Conformément aux dispositions de l’article 9 du code de procédure civile, il appartient aux locataires, demandeurs à l’indemnisation, de démontrer les préjudices qu’ils invoquent.
En l’espèce, l’humidité et les moisissures persistant dans le logement ont assurément troublé Madame, [D], [P], [H] et Monsieur, [O], [G] dans leur jouissance du logement, et ce à hauteur d’un préjudice, certain en son principe, qui sera justement évalué à 100 euros par mois en moyenne, au regard des pièces versées aux débats, à compter du mois de décembre 2018 et jusqu’au mois de juin 2025, date de réalisation des travaux ordonnés par la bailleresse.
A ce titre, la COMMUNE, [Localité 5], [Localité 3] sera donc condamnée au paiement de la somme de 79 x 100 = 7 900,00 euros.
En revanche, le surplus des préjudices invoqués n’est pas suffisamment démontré ; les demandes correspondantes seront donc rejetées.
Sur les frais du procès et l’exécution provisoire
Compte tenu des termes de la résolution du litige, la COMMUNE DE, [Localité 3] sera condamnée aux dépens de l’instance.
En outre, en application de l’article 700 du code de procédure civile, la COMMUNE DE, [Localité 3] devra indemniser Madame, [D], [P], [H] et Monsieur, [O], [G], unis d’intérêts, de leurs frais irrépétibles à hauteur d’une somme que l’équité commande de fixer à 1 400,00 euros.
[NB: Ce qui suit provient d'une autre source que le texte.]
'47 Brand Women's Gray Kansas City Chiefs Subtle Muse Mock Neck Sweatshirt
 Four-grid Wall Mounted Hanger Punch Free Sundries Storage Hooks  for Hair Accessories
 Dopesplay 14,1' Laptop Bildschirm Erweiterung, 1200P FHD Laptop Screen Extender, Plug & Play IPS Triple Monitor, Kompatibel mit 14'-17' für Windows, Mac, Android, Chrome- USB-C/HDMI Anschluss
Vu l’article 514 du code de procédure civile, l’exécution provisoire de droit sera constatée.
PAR CES MOTIFS,
LE JUGE DES CONTENTIEUX DE LA PROTECTION,
Statuant publiquement par mise à disposition au greffe, par jugement contradictoire en premier ressort,
CONDAMNE la COMMUNE DE, [Localité 3] à procéder, dans le logement objet du contrat de bail précité, situé, [Adresse 5] à, [Localité 3] («, [Adresse 6] »), aux travaux suivants :
suivant les préconisations du bureau d’études TCE dans son rapport du 18 mars 2024 :l’isolation en sous-face des chéneaux,la révision des toitures,la réfection des peintures intérieures dégradées par l’humidité,et ce, dans un délai de SIX MOIS à compter de la signification qui sera faite à la COMMUNE DE, [Localité 3] du présent jugement, ou de son acquiescement audit jugement ;
CONDAMNE la COMMUNE DE, [Localité 3], à défaut d’y avoir procédé intégralement passé ce délai, à payer à Madame, [D], [P], [H] et Monsieur, [O], [G], unis d’intérêts, une astreinte provisoire d’un montant de 20,00 euros par jour, pendant une durée maximum de 180 jours ;
SE RÉSERVE de liquider l’astreinte ;
CONDAMNE la COMMUNE DE, [Localité 3] à payer à Madame, [D], [P], [H] et Monsieur, [O], [G], unis d’intérêts, la somme de 7 900,00 euros pour indemnisation de leur préjudice de jouissance;
DÉBOUTE Madame, [D], [P], [H] et Monsieur, [O], [G] du surplus de leurs demandes ;
CONDAMNE la COMMUNE DE, [Localité 3] à payer à Madame, [D], [P], [H] et Monsieur, [O], [G], unis d’intérêts, la somme de 1 400,00 euros en application de l’article 700 du code de procédure civile ;
CONDAMNE la COMMUNE DE, [Localité 3] aux dépens de l’instance ;
CONSTATE que l’exécution provisoire est de droit ;
Le présent jugement a été signé par le président et la greffière, puis prononcé par mise à disposition au greffe à la date susdite après avis donné aux parties conformément aux dispositions de l’article 450, alinéa 2 du code de procédure civile.